Our monarchical faction maintain, that these WITES, or SAPIENTES, were
the judges, or men learned in the law; the popular faction assert them
to be representatives of the boroughs, or what we now call the
Commons.
[FN [a] We know of one change, not inconsiderable, in the Saxon
constitution. The Saxon Annals, p. 49, inform us, that it was in
early times the prerogative of the king to name the dukes, earls,
aldermen, and sheriffs of the counties. Asser, a contemporary writer,
informs us, that Alfred deposed all the ignorant aldermen, and
appointed men of more capacity in their place.

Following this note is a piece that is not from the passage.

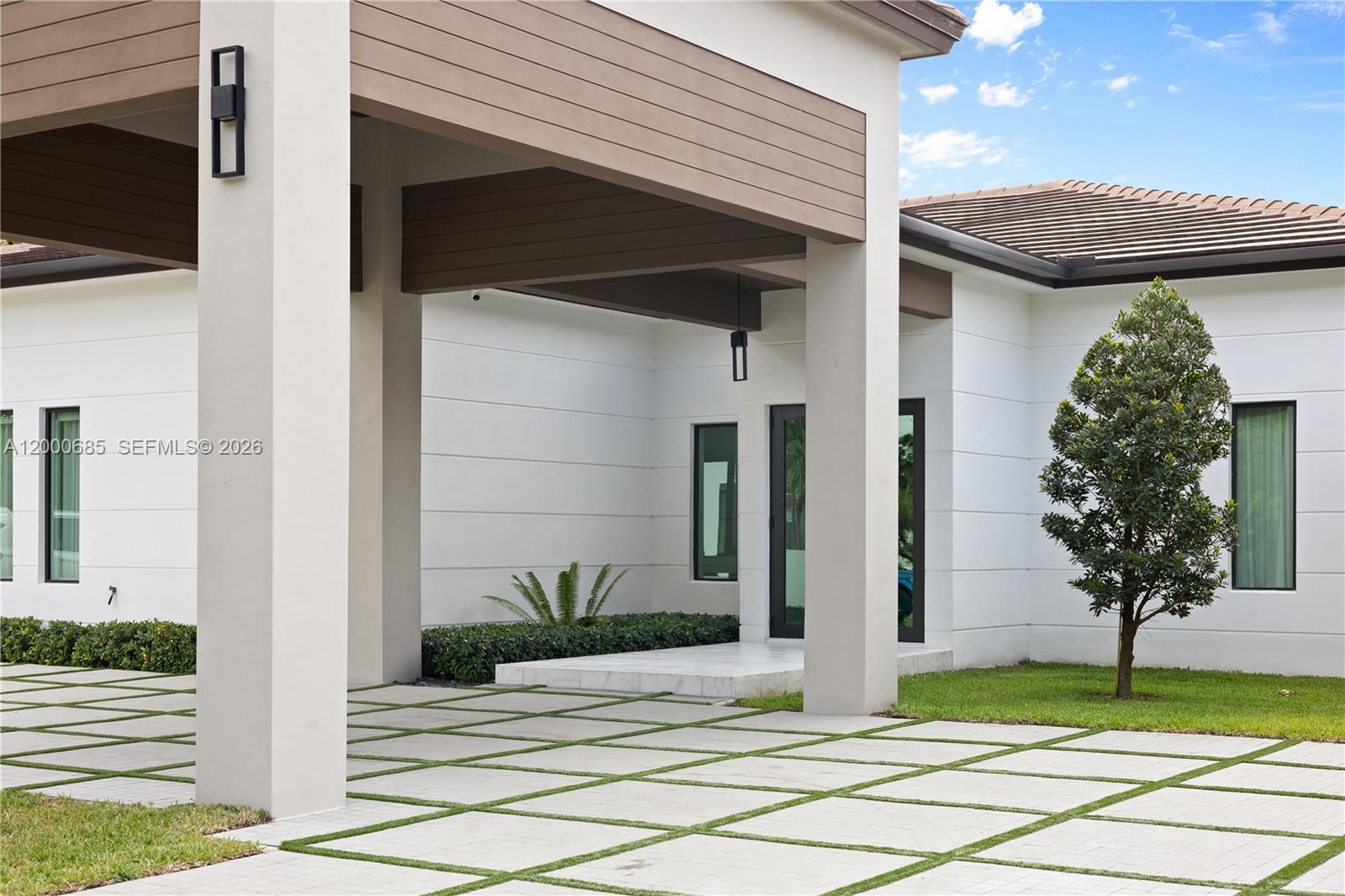 A modern white house exterior features a covered entryway with a grid-patterned paver driveway — 80 NW 129th Ave, Miami FL 33182, MIAMI, FL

Yet the laws of Edward
the Confessor, Sec. 35, say expressly, that the Heretoghs or dukes,
and the sheriffs, were chosen by the freeholders in the folkmote, a
county court, which was assembled once a year, and where all the
freeholders swore allegiance to the king. [b] Sometimes abbesses were
admitted; at least, they often sign the king's charters or grants.
Spellm. Gloss. in verbo PARLIAMENTUM. [c] Wilkins, passim. [d] See
note [G] at the end of the volume.]

The expressions employed by all ancient historians, in mentioning the
Wittenagemot, seem to contradict the latter supposition. The members
are almost always called the PRINCIPES, SATRAPAE, OPTIMATES, MAGNATES,
PROCERES; terms which seem to suppose an aristocracy, and to exclude
the Commons. The boroughs also, from the low state of commerce, were
so small and so poor, and the inhabitants lived in such dependence on
the great men [e], that it seemed nowise probable they would be
admitted as a part of the national councils. The Commons are well
known to have had no share in the governments established by the
Franks, Burgundians, and other northern nations; and we may conclude
that the Saxons, who remained longer barbarous and uncivilized than
those tribes, would never think of conferring such an extraordinary
privilege on trade and industry. The military profession alone was
honourable among all those conquerors; the warriors subsisted by their
possessions in land; they became considerable by their influence over
their vassals, retainers, tenants, and slaves; and it requires strong
proof to convince us that they would admit any of a rank so much
inferior as the burgesses, to share with them in the legislative
authority. Tacitus indeed affirms, that among the ancient Germans,
the consent of all the members of the community was required in every
important deliberation; but he speaks not of representatives; and this
ancient practice, mentioned by the Roman historian, could only have
place in small tribes, where every citizen might, without
inconvenience, be assembled upon any extraordinary emergency. After
principalities became extensive; after the difference of property had
formed distinctions more important than those which arose from
personal strength and valour, we may conclude, that the national
assemblies must have been more limited in their number, and composed
only of the more considerable citizens.
[FN [e] Brady's Treatise of English Boroughs, p. 3, 4, 5, &c.]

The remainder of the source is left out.